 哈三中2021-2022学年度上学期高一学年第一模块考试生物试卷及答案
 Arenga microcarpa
==
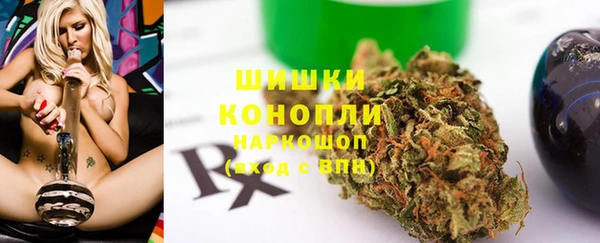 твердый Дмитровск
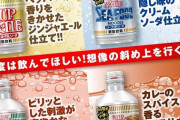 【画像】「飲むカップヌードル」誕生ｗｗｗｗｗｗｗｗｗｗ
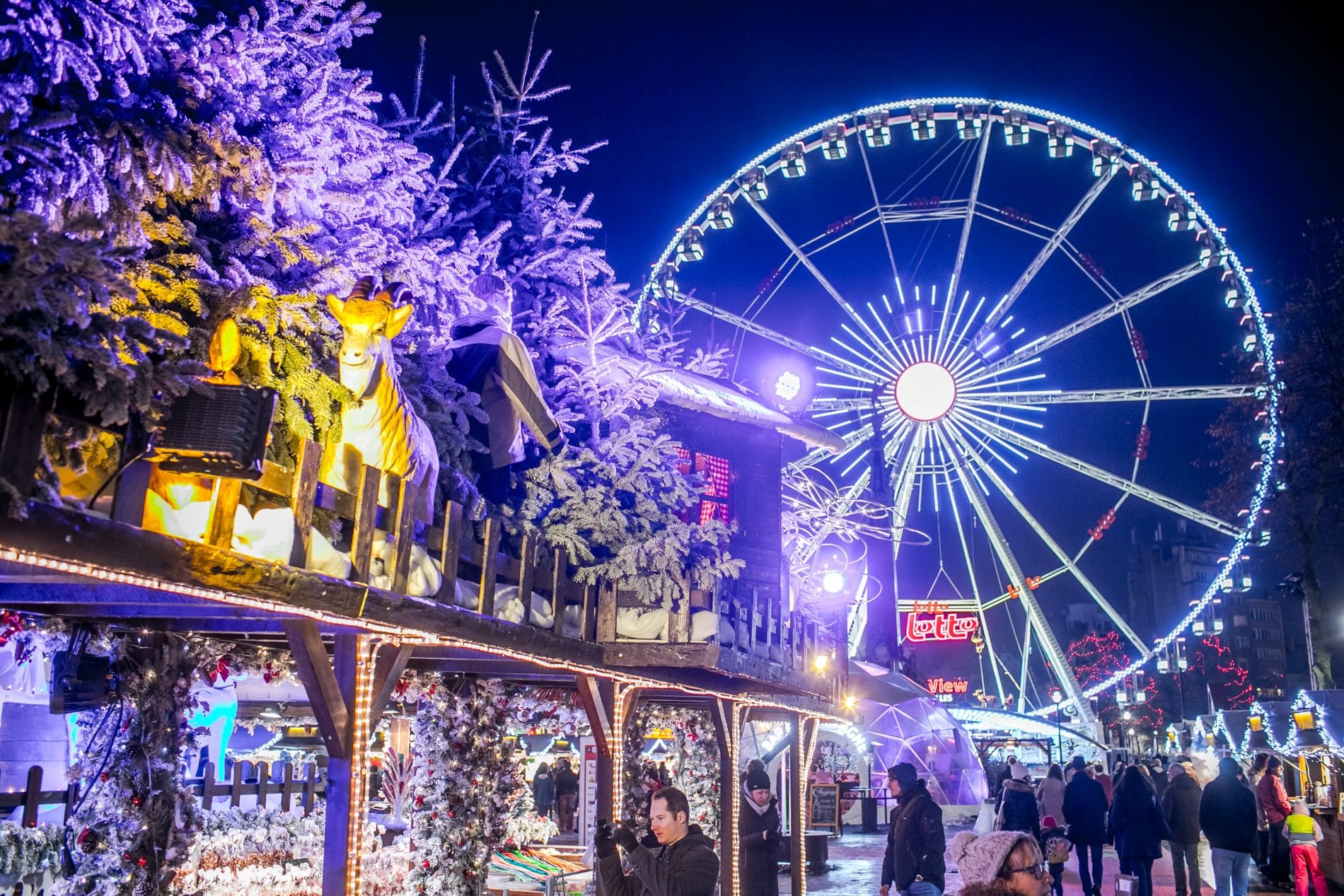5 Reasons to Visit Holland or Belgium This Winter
* * *
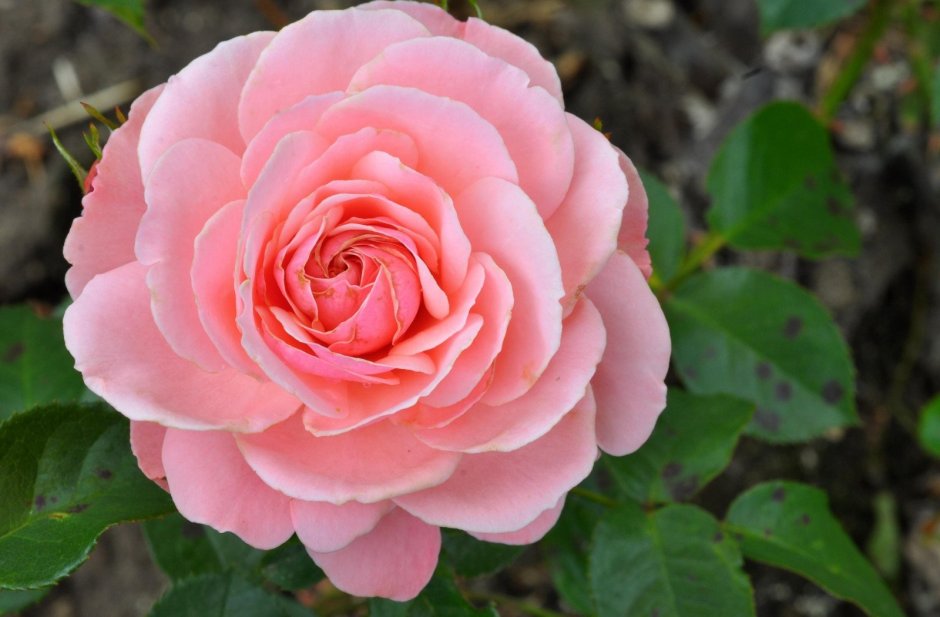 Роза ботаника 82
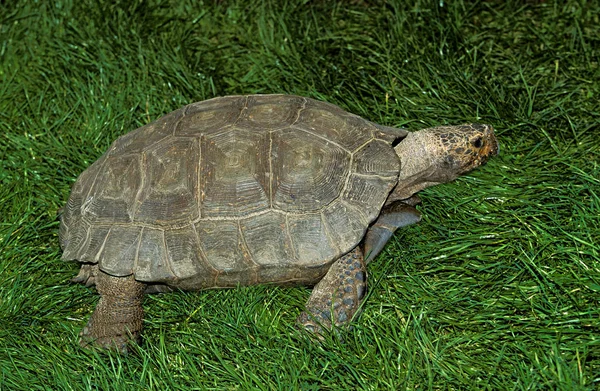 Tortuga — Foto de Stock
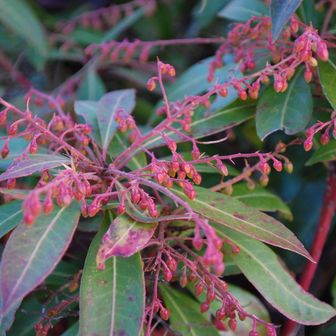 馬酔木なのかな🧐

Instructions to follow: Every line from the line containing "哈三中2021-2022学年度上学期高一学年第一模块考试生物试卷及答案" through the line containing "Arenga microcarpa" in the records above must be retyped exactly. Leave out the rest.

Final answer:
 哈三中2021-2022学年度上学期高一学年第一模块考试生物试卷及答案
 Arenga microcarpa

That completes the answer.